====== Information supplied

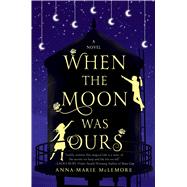 When the Moon was Ours A Novel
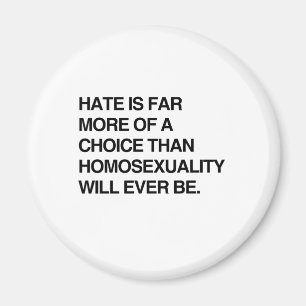 HATE IS FAR MORE OF A CHOICE THAN HOMOSEXUALITY MAGNET
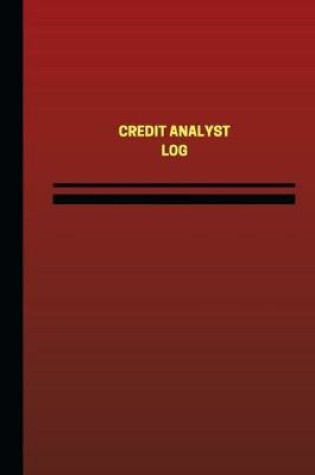 Cover of Credit Analyst Log (Logbook, Journal - 124 pages, 6 x 9 inches)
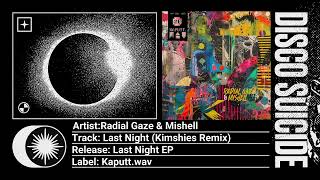 Radial Gaze \u0026 Mishell - Last Night (Kimshies Remix) [Kaputt.wav]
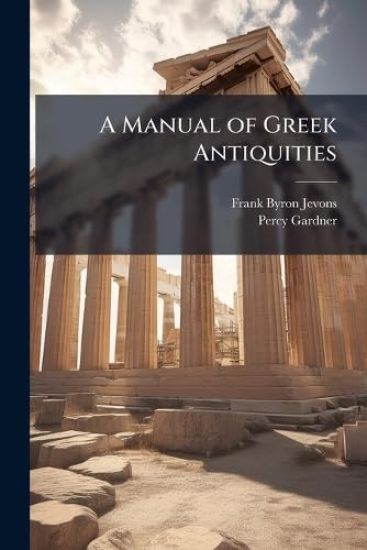 A Manual of Greek Antiquities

============

**What to do**.
The result should be a verbatim copy of the data, free of pictures.

**Solution to this exercise**.
 When the Moon was Ours A Novel
 HATE IS FAR MORE OF A CHOICE THAN HOMOSEXUALITY MAGNET
 Cover of Credit Analyst Log (Logbook, Journal - 124 pages, 6 x 9 inches)
 Radial Gaze \u0026 Mishell - Last Night (Kimshies Remix) [Kaputt.wav]
 A Manual of Greek Antiquities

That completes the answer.